Another example of how NFL Depth Charts can mess with your draft strategy is trying to figure out the New England Patriots. Bill Belichick is notorious for providing as little information as possible to the media and has been quoted a number of times as saying depth charts are meaningless. His gameplan often changes week to week with players having larger roles based on the offensive scheme the team chooses to implement against that opponent.

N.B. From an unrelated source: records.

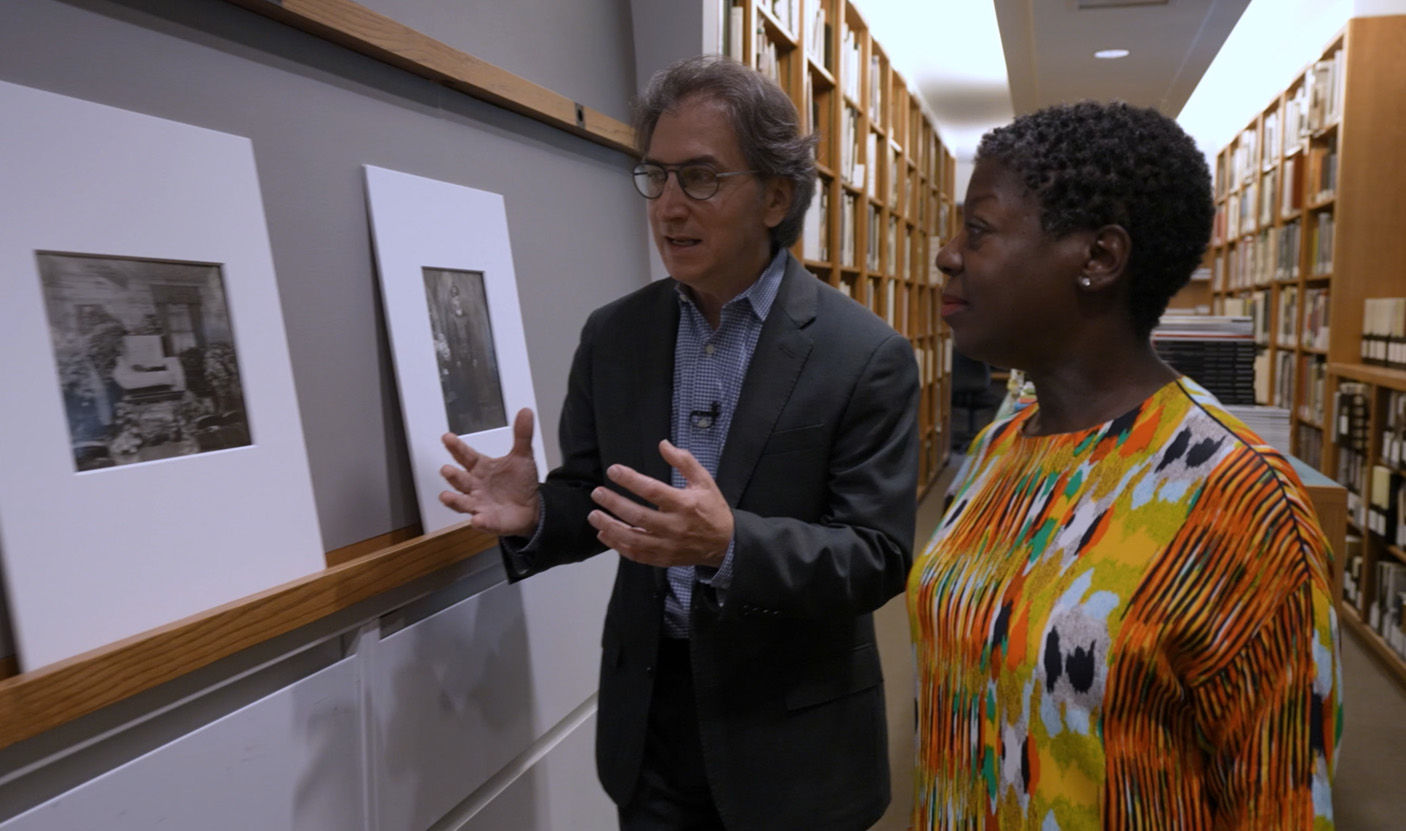 The curators Jeff Rosenheim and Thelma Golden stand before a series of photographs by the renowned Harlem Renaissance photographer James Van Der Zee.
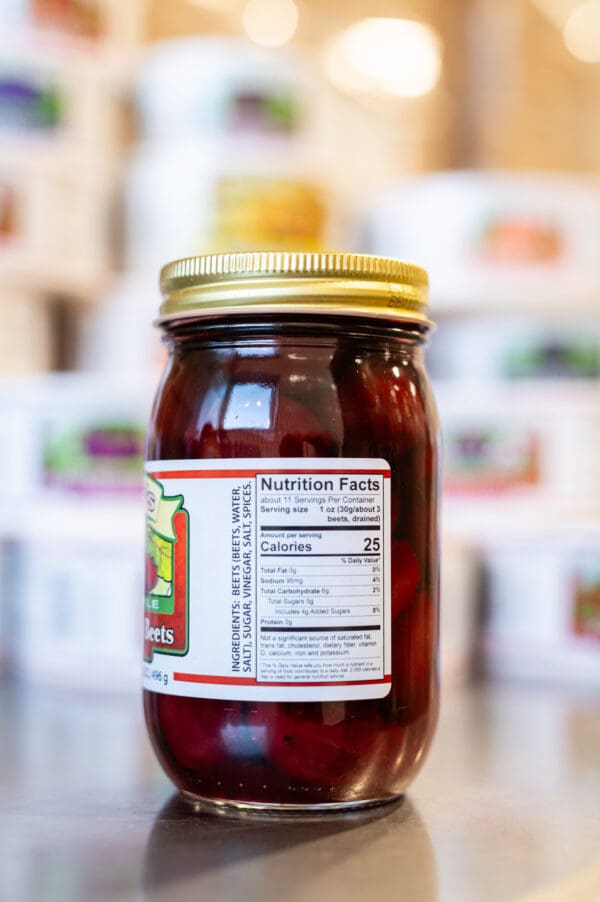 A jar of honey with a label on it.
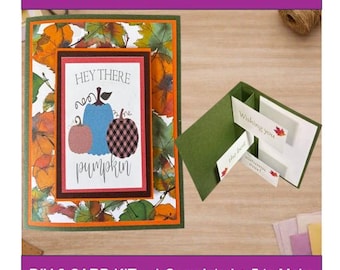 May include: A DIY card kit featuring a folded greeting card with a fall leaf pattern and a central panel displaying three pumpkins and the text Hey There Pumpkin. A second open card shows a green interior with pop-up panels reading Wishing you the best autumn ever.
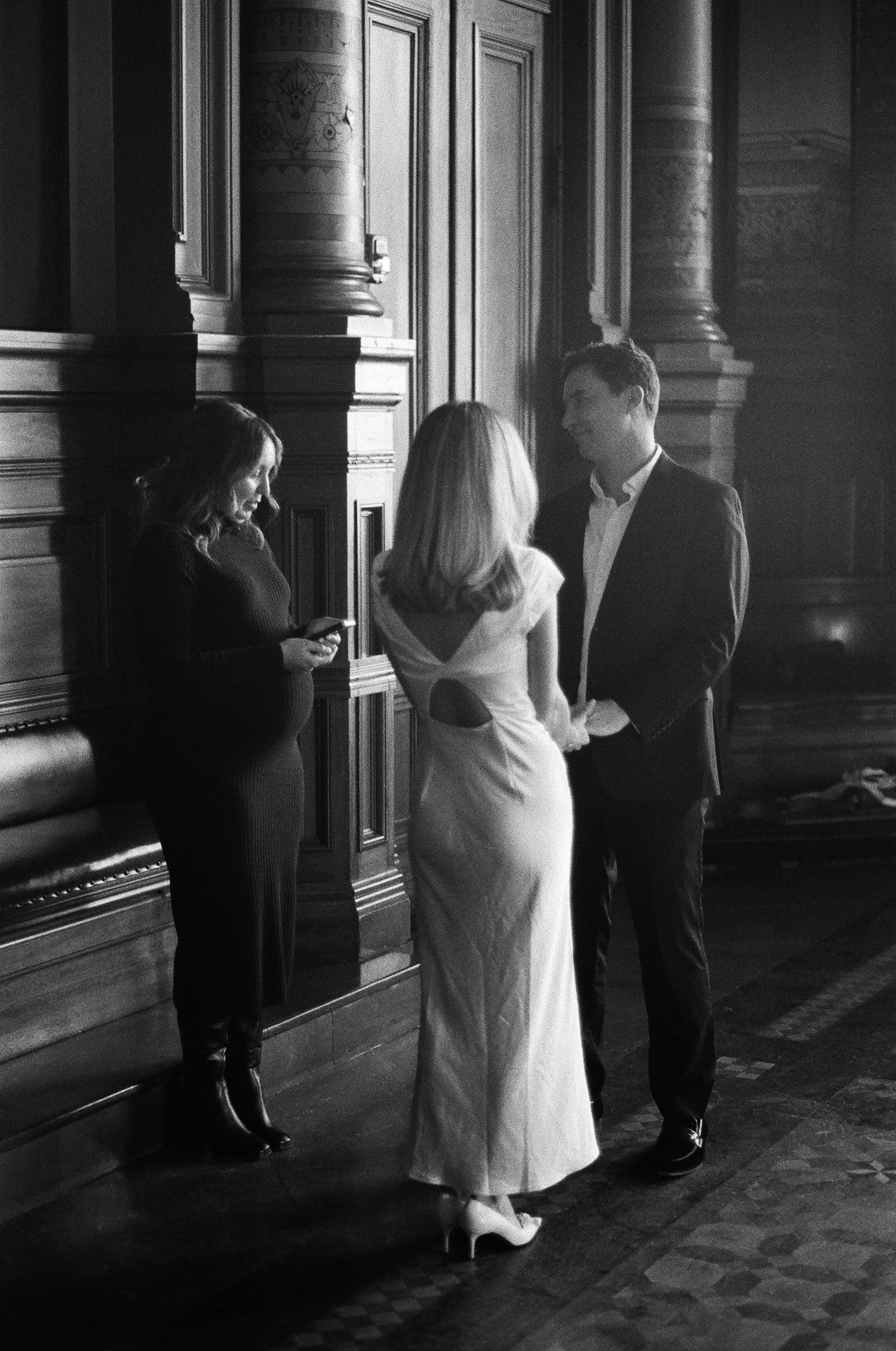 Bride in simple elegant white dress exchanges vows with groom while officiant reads from book indoors. 90s romantic vibe, shot on film.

Fantasy Football Tips & Advice
- There is a good chance the WR2 or WR3 on the leagues top passing offense will gain you more fantasy points than a wide receiver one on the leagues worst. Case in point, the Los Angeles Chargers were the top passing team in 2017 and they had three WR’s with over a 100 fantasy points. The Buffalo Bills and Chicago Bears, who ranked last in the NFL in 2017 for passing yards, didn’t have a single wide receiver gain more than 70 fantasy points
- The Tight End position drops off quickly. While adding one of the leagues top pass-catching Tight Ends can really boost your team’s fantasy football output, the league has only a limited supply of quality players at this position. In 2017, there were on five TE’s that averaged seven fantasy points or more last season and only eight players that had more than 600 yards. Meaning, if you find yourself halfway through your draft without a tight end, don’t panic, the quality from the middle of the pack to the bottom is all the same. Your best strategy is to take one late and stream them all season long.